Al tg han intervistato un allegro negoziante che essendo sotto natale discorreva sui prezzi dei giocattoli per noi bimbi che son calati (i prezzi eh, mica i bimbi) considerevolmente.

faceva vedere una di quelle mega piste per macchinine hotweels, quelle piste obbese, che tu ci metti la macchinina dentro e quella comincia a seguire il percorso, compiendo balzi mirabolanti, schivando trappole varie e variegate. insomma il regalo più bello, dopo Fifa street 2, che un bambino potrebbe ricevere.

beh, questo capolavoro costava 71 euri, ma mò lo vendono a 34 euri. vabèn la crisi, ma se vendendolo a 34 euri ci guadagni lo stesso, vuol dire che quando me lo vendevi a 71 mi stavi inculando di brutto!!! eh…

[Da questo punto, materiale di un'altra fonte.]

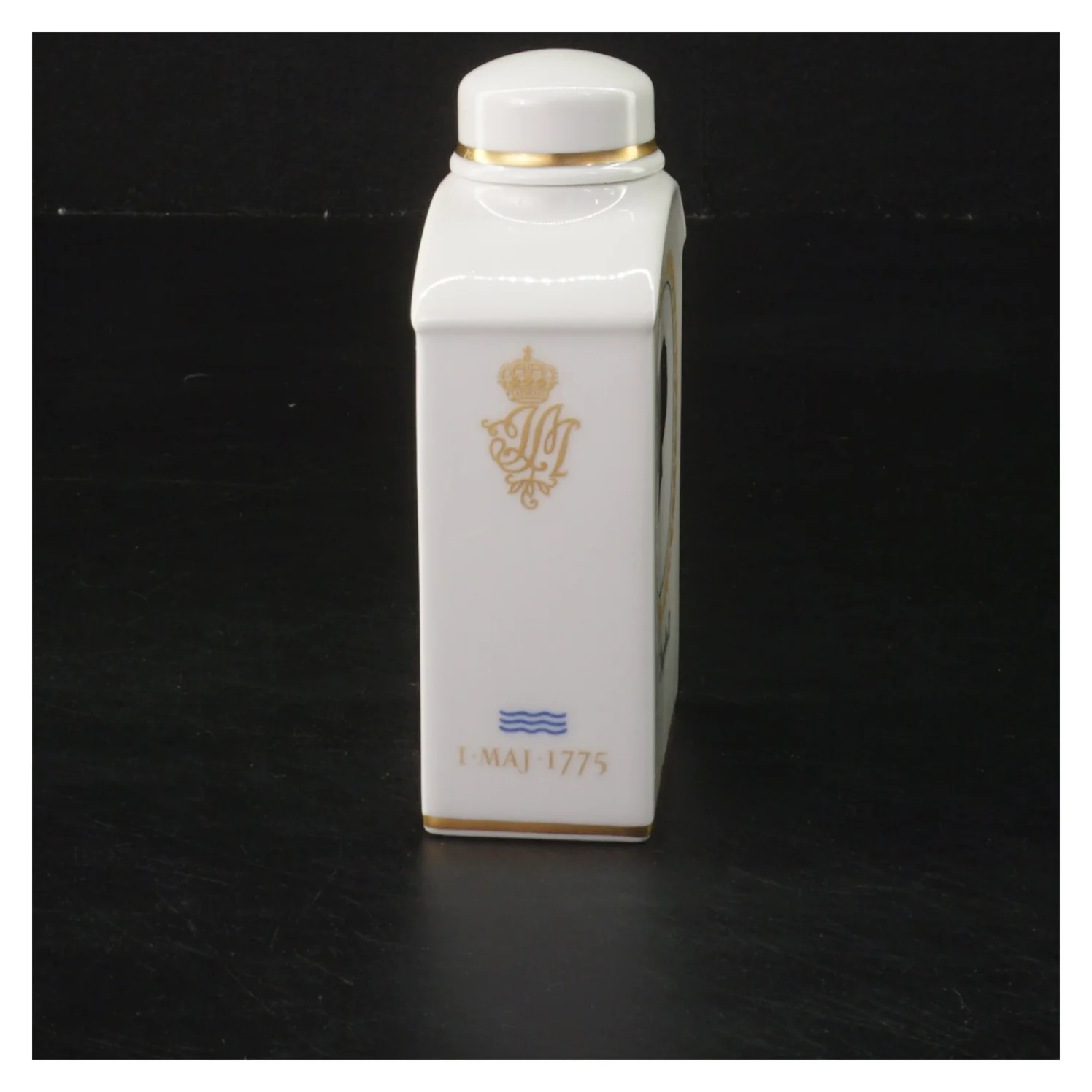 Royal Copenhagen flakon fra Royal Copenhagen (str. 11 cm)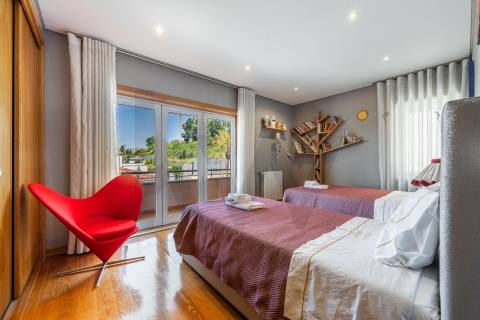 Glamorosa Moradia T4+1 com piscina – Vista Rio Douro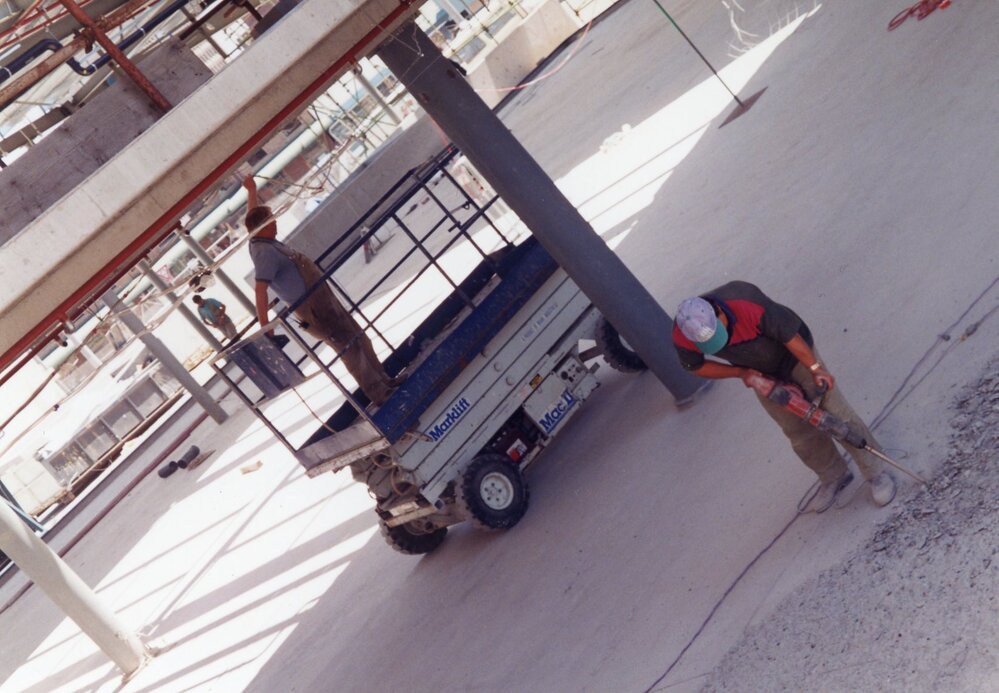096 Construction of Frankston Cultural Centre (renamed the Frankston Arts Centre and Library)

questo per dire che forse nella crisi qualcosa di positivo si può pur trovare: un adeguamento dei prezzi al loro reale valore. dice mister scattolini per esempio che se si vuole riattivare un settore in crisi come quello delle automobili, non puoi pretendere di venderle ai prezzi attuali, ma devi diminuire a un terzo, che per quanto possa sembrare una gran perdita di soldi per chi vende, in realtà è un guadagno, perchè ne venderesti molte di più.

ora iGor dirà “sono concetti di economia che potrebbe capire anche un letterato, un emo o persino un tenca”. eh vabbè, ma proprio perchè sono così scontati, perchè non sono messi in pratica?